Somehow, inconsistently with his own thoughts, Eddy charged straight from his knees at the castrate’s feet – the guy appeared to be surprisingly heavy – and threw him on the beefy one, roaring. The latter had excellent reflexes, he dodged, and the castrate flew out of “the neutral”, shrieking, and disappeared in “the ass”. Well done, beefy one, a sound mind in a sound body! And now – into “the gut”! Having jumped in quite a different direction, Eddy seized the arm holding an iron bar, which intended to crash the dark-haired guy’s skull, and thrust his whole weight upon the man’s elbow.
At first he thought he had broken his own arm – the sound of a shot was quite low. Eddy watched from the floor how the beefy one was raising his pistol again. The wounded shoulder ached badly, but it was scarcely likely it interested anyone. Apparently, it did. The shirt on the “angel’s” breast swelled with a bloody bubble, pieces of meat flew everywhere, and the beefy one fell to the floor with a quite surprised expression on his face. The rest of the team vanished immediately in the grey mist of the hatch.
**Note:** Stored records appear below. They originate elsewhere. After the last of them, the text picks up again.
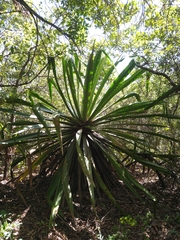 Furcraea guatemalensis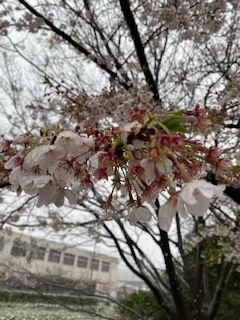 IMG_8650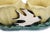 Set of 2 Vintage McCoy Planters - Birds and Tulips Double Planters For Sale - Image 14 of 14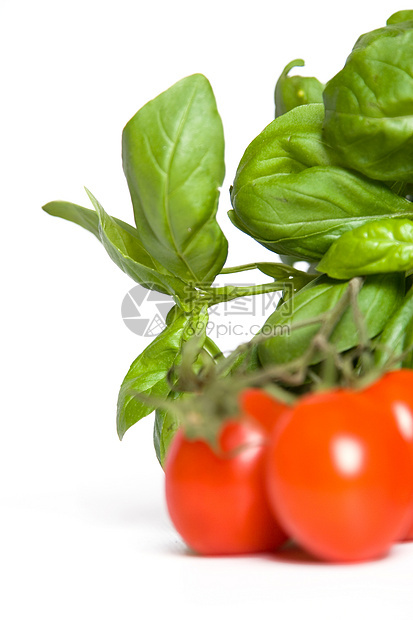 巴锡尔喜欢西红柿香草烹饪美食食物香味文化健康饮食植物香料红色图片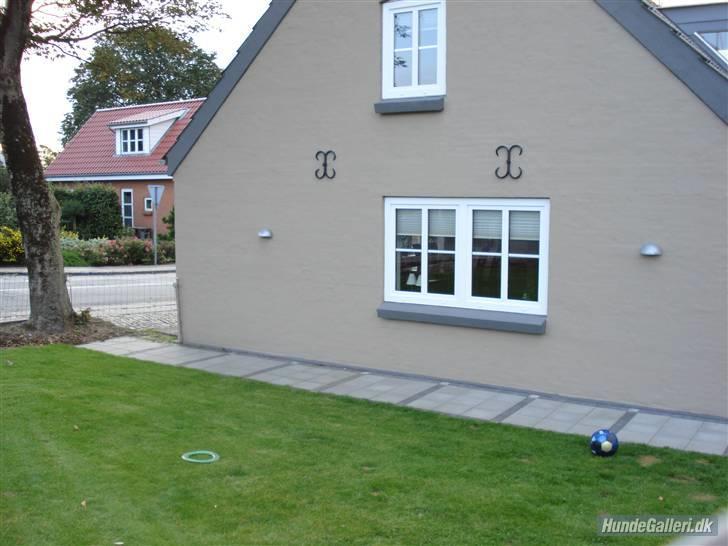 Villa 3 - set fra haven billede 2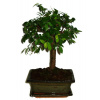 Zelkova 306 - izbové bonsaje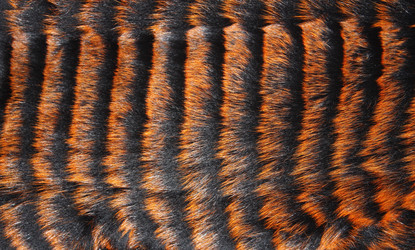 Similar image 10949409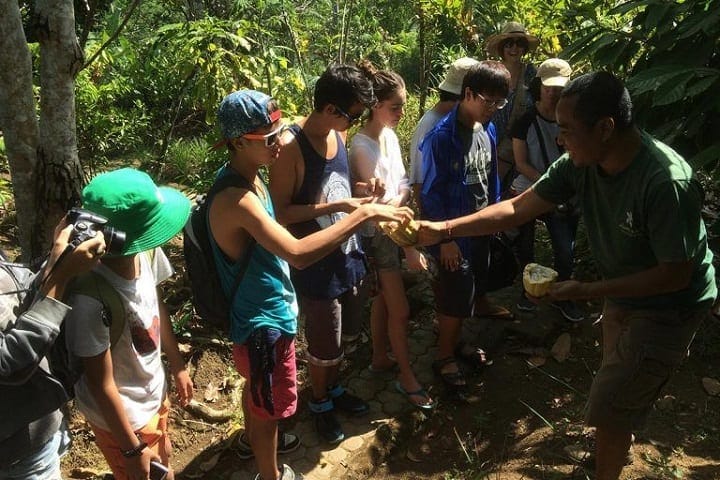 Green Shoots International School - Field Trip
The dark-haired guy, not hiding any longer, pulled out of his pocket a small cylinder and poked it into his right smoking sleeve – now his grenade launcher was loaded once again. Then the dark-haired guy picked up a pistol and thrust it to Eddy.
“Here. It may be useful.”
“Are you ok?”
“Almost. Got my leg stabbed with a knife.”
“And I have a shoulder hurt. But this is nothing. What’s your name?”
“Max.”
“And I’m Eddy. Can you walk?”
“I’ll try. If not – go alone.”
“Go to hell,” said Eddy kindly, unexpectedly for himself. He helped Max bandage his leg and they got up from the floor. The eighth circle was ahead.
Eddy vaguely remembered what came next. They dragged themselves along the platform, staggering, the platform was crumbling under their feet, the walls around were burning, it was hard to breathe; both of them intuitively dodged fly-breakers and ball-lightnings every now and then, avoided traps without even noticing them and went on and on...
Sometimes it seemed to Eddy that he was on the surface again, in the city, and there was fire around him again, everything was burning, and the Nobody’s Houses were writhing in the fire, and the fire-fighter’s trucks were extinguishing the flames with their acid blend, and it was hard to say what was worse – that blend or the flaming hell all around; and there, further on, behind the wall of fire there were the police cordons waiting for the hiding symbionts to run out towards them, and they wouldn’t investigate – they always shot first, and investigated later... Then there was a moment of clarity. They were in “the gut”, and “the merry men” were coming towards them from both sides. The niche was far away, and besides, there was no place for two in that niche. But Eddy already couldn’t leave Max. And then he did what wouldn’t have occurred to him only an hour earlier. He snatched out his reserve, hidden life-card that he had carried miraculously through the control automate – and stuck it into Max’s hand (Max had lighted his own one by then). Both cards blazed up simultaneously, and “the merry men” disappeared as if vanished into thin air. But here, at the eighth circle, the life-cards functioned for only a single minute, instead of the ten minutes at the other circles or half an hour at the usual Subway regime.
The minute was not enough. “The merry man” was rushing at them again, and the platform was still far away. And then both of them turned around and raised their right hands. It was forbidden, but they didn’t give a damn about all the bans! The shot flashes went one after another, and it didn’t even occur to them that the charges in their grenade launchers should have ended long before. Only when the howl had ceased did they lower their hands. “The merry man” turned into a heap of molten metal.